Image-caption web data:
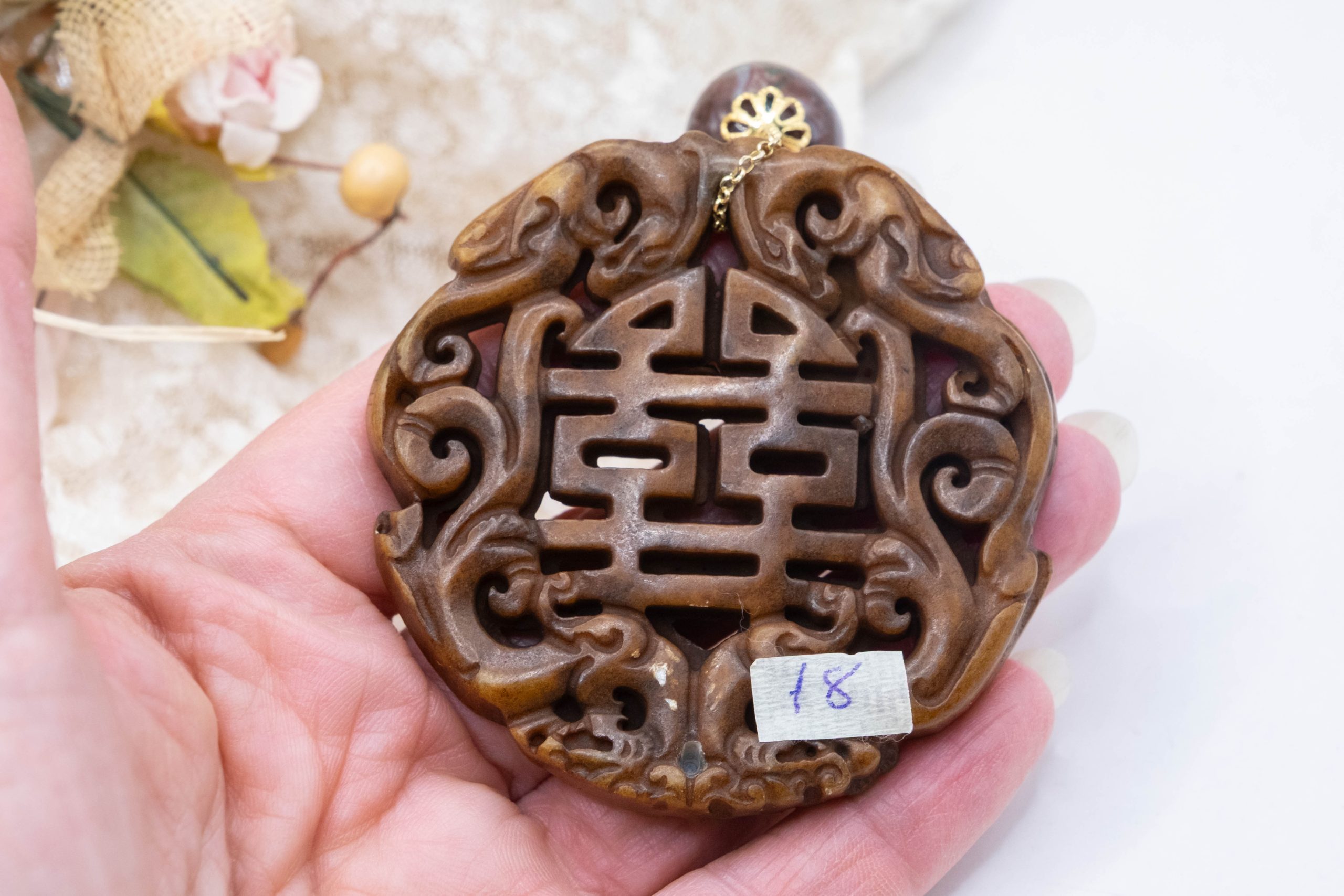 MANDALA PENDANT JADE EARTH NATURAL STONES PEARLS (1)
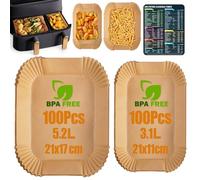Anhow 200 PCS Papier Cuisson Air Fryer, Papier Sulfurisé pour Philips Dual Basket Airfryer série 3000 9L et Cecotec Airfryer Cecofry DuoSize 9000, Food-Grade BPA gratuit (100 PCS 5,2L + 100 PCS 3,1L)
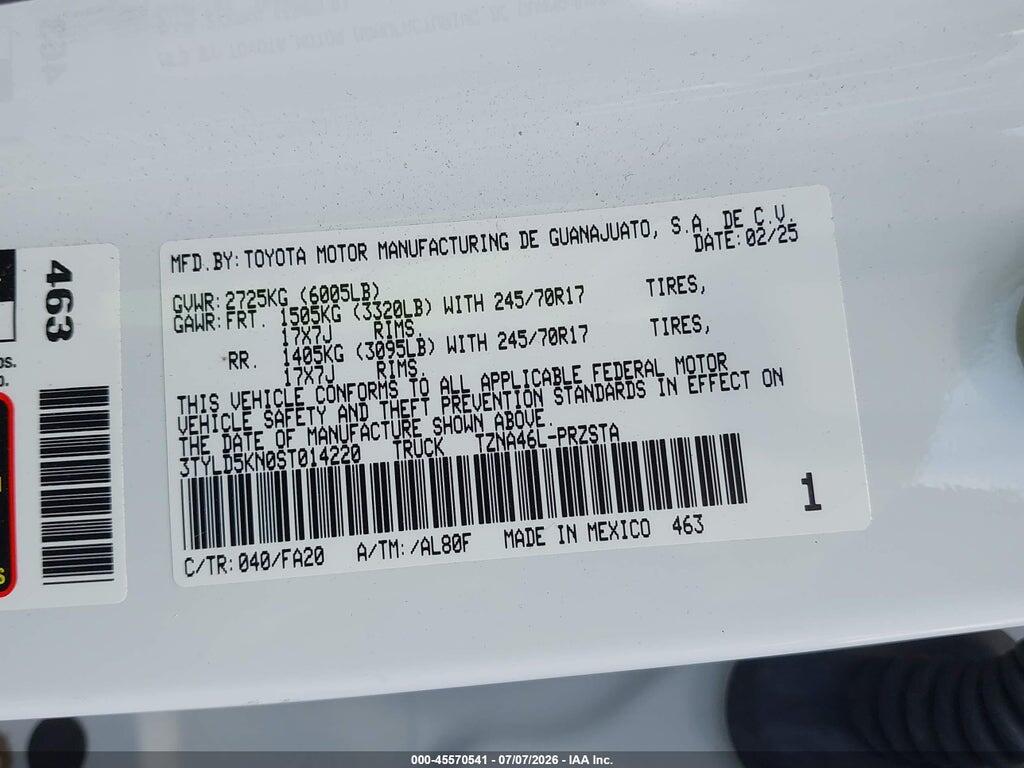 3TYLD5KN0ST014220 2025 TOYOTA TACOMA photo no. 9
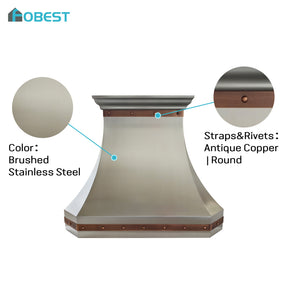 Fobest Brushed Stainless Steel Range Hood with Antique Copper Decors FSS-728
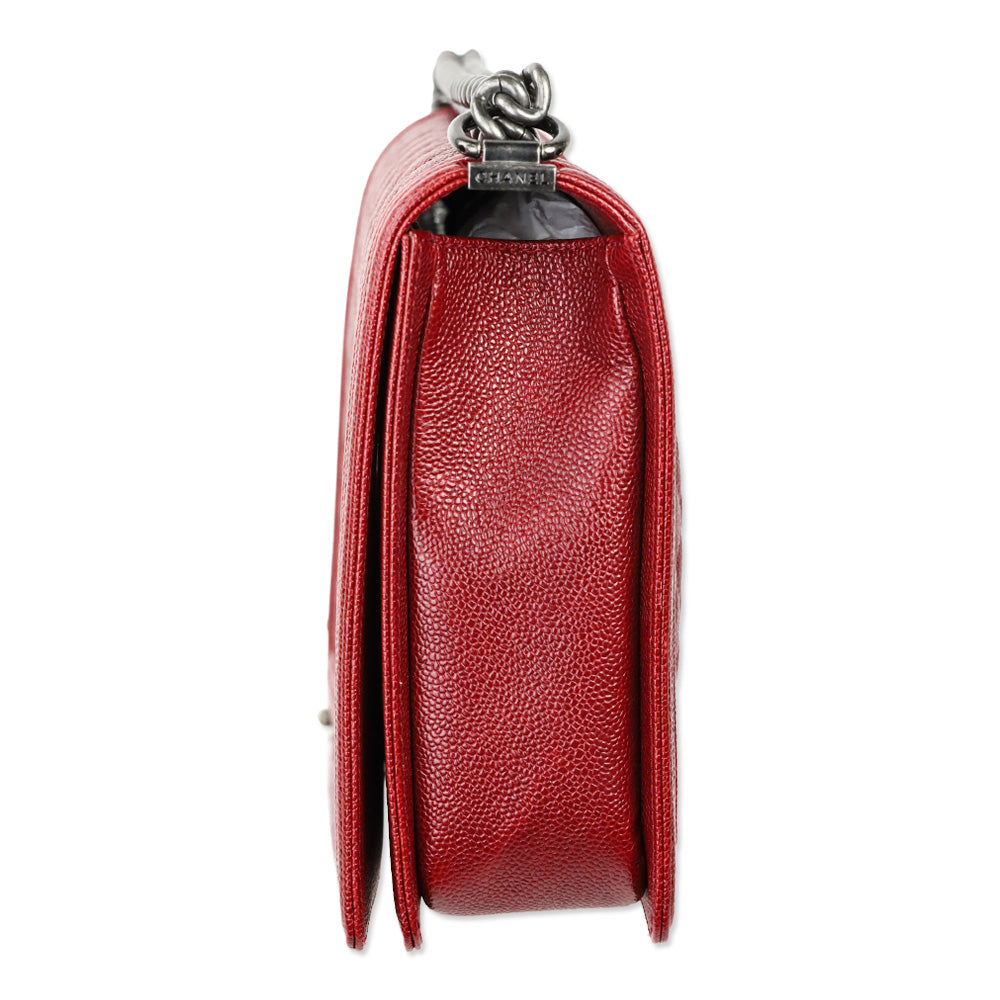 Chanel 2014 Burgundy Quilted Caviar Leather Large Boy Bag with Ruthenium Hardware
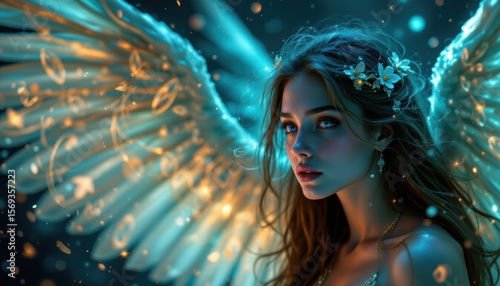 create a captivating portrait of a beautiful angel woman in a magical fantasy setting, she is positioned on an abstract galaxy background, glowing with energy lights and particles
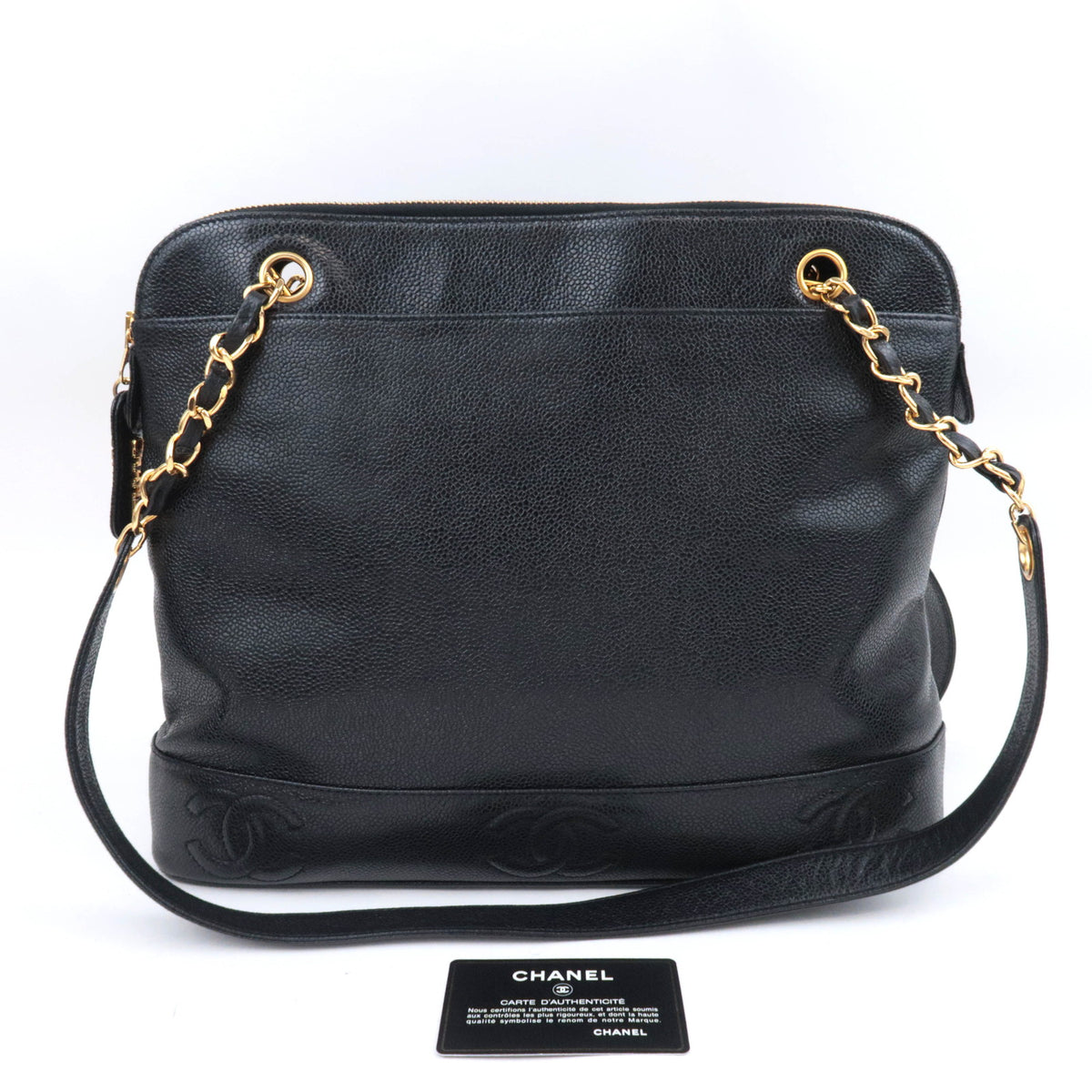 CHANEL Triple Coco Chain Tote Bag Caviarskin Black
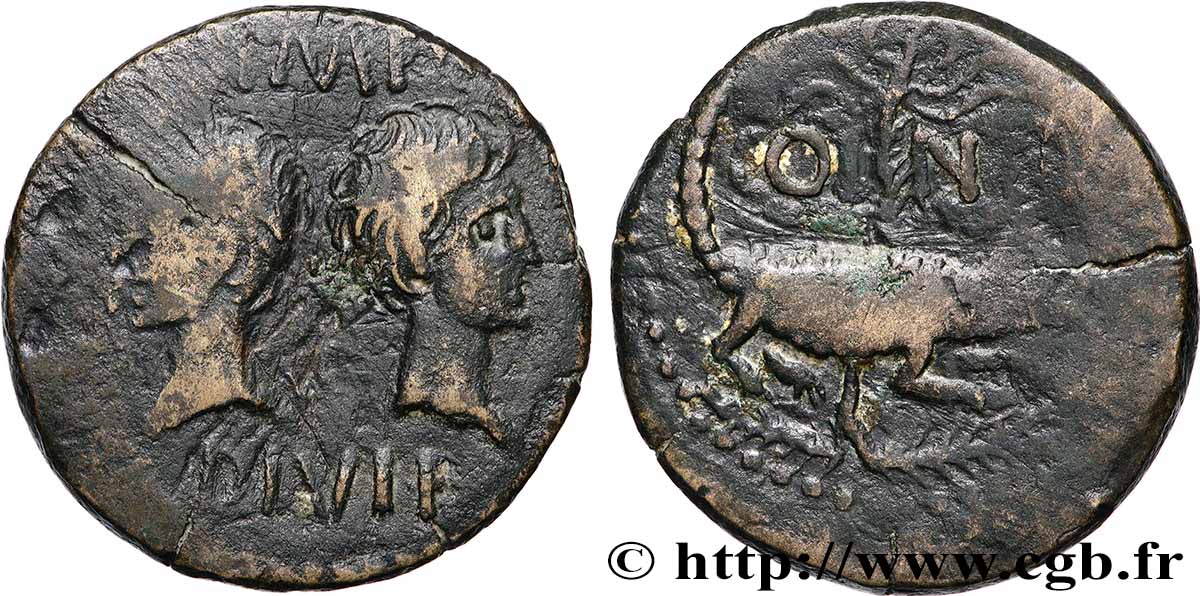 NEMAUSUS - NIMES - AUGUSTUS and AGRIPPA Dupondius COL NEM (as) VF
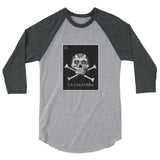 La Calavera Loteria B&W Womens 3/4 sleeve baseball shirt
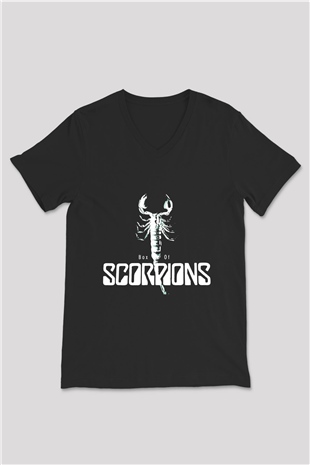 Scorpions Siyah Unisex V Yaka Tişört T-Shirt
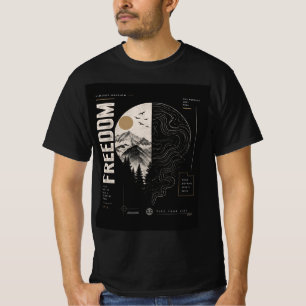 Camiseta de moda callejera topográfica de Freedom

_WHAT YOU WILL DO_
All that should be returned is the run of lines from the start of the entries above to the line bearing "Chanel 2014 Burgundy", each exact, with pictures omitted.

_SOLUTION TO THIS PROBLEM_
 MANDALA PENDANT JADE EARTH NATURAL STONES PEARLS (1)
Anhow 200 PCS Papier Cuisson Air Fryer, Papier Sulfurisé pour Philips Dual Basket Airfryer série 3000 9L et Cecotec Airfryer Cecofry DuoSize 9000, Food-Grade BPA gratuit (100 PCS 5,2L + 100 PCS 3,1L)
 3TYLD5KN0ST014220 2025 TOYOTA TACOMA photo no. 9
 Fobest Brushed Stainless Steel Range Hood with Antique Copper Decors FSS-728
 Chanel 2014 Burgundy Quilted Caviar Leather Large Boy Bag with Ruthenium Hardware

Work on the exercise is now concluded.